Wichtig zu wissen: Den Blobfisch beschwören

Nr. 38 –

Die Sorgen der Indianer.

Besorgt wanderte die Squaw Graues Eulenauge den nördlichen Grenzen ihres Stammesgebietes entlang. Es war ein schlechtes Omen: Der Blobfisch aus der Familie der Dickkopfgroppen war gerade zum offiziellen Maskottchen der Gesellschaft zur Bewahrung hässlicher Tiere erkoren worden. Das gallertartige Wesen wohnt in den Tiefen des Pazifiks und sieht aus wie ein kahlköpfiger, mürrischer, alter Mann. Also genau wie General Peer Steinbrück.

Alle Zeichen deuteten darauf hin, dass dieser im nördlichen Siedlungsgebiet die Macht ergreifen würde. Der General war in den Landen von Graues Eulenauge gefürchtet; nicht allzu viele Monde war es her, dass er mit Peitsche und Kavallerie gedroht hatte, sollte ihr Volk das versteckte Gold seiner Stammesbrüder nicht herausrücken. Graues Eulenauge kniff die Augen zusammen: Sah sie da schon die Staubwolke, von Tausenden von Pferdehufen aufgewirbelt, auf ihr Land zurasen?

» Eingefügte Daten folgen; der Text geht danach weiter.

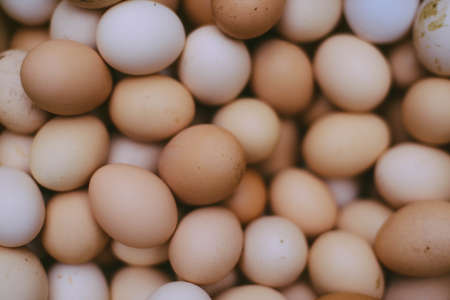many fresh brown eggs for sale at a marketの写真素材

Es kam wohl nicht von ungefähr, dass der feindliche Zauber, der in immer neuen Zugeständnissen ihres Landes an die auswärtigen Gold- und Büffeldiebe mündete, in der fremden Sprache des mächtigen Manitu namens OECD ausgerechnet Peer-Review hiess. Ein weiteres schlechtes Omen. Aber im Europa des 21. Jahrhunderts, das wusste auch Graues Eulenauge, nützten gegen derartige Bedrohungen keine schamanischen Riten. Stattdessen müsste sie sich, der Diplomatie willen, auf die Gemeinsamkeiten besinnen, die sie und General Steinbrück verbanden. Und doch, es gab ein paar. Wenn die auch nicht ausreichten, um die Friedenspfeife mit ihm zu rauchen, so würden sie allenfalls doch für einen kleinen, freundlichen Smalltalk langen: Auch Graues Eulenauge war lange der Auffassung gewesen, die Deregulierung des Büffelhandels sei eine gute Idee, so wie es General Steinbrück als Säckelmeister unter der Herrschaft der mächtigen grossen Frau war. Und auch sie war nicht unbedingt der Auffassung, dass man Goldmünzen für nebenamtliche Tätigkeiten wie Vorträge bei Banken und dergleichen deklarieren musste, so wie auch General Steinbrück sie lange nicht offenlegte. Ja, und auch eine gute Bekannte hatte mal eine Dienerin gehalten, die es mit der Abrechnung der Lohnnebenkosten nicht so genau nahm, so, wie es der General getan haben sollte. Und eine Flasche Pinot Grigio für fünf Euro würde auch sie nicht trinken.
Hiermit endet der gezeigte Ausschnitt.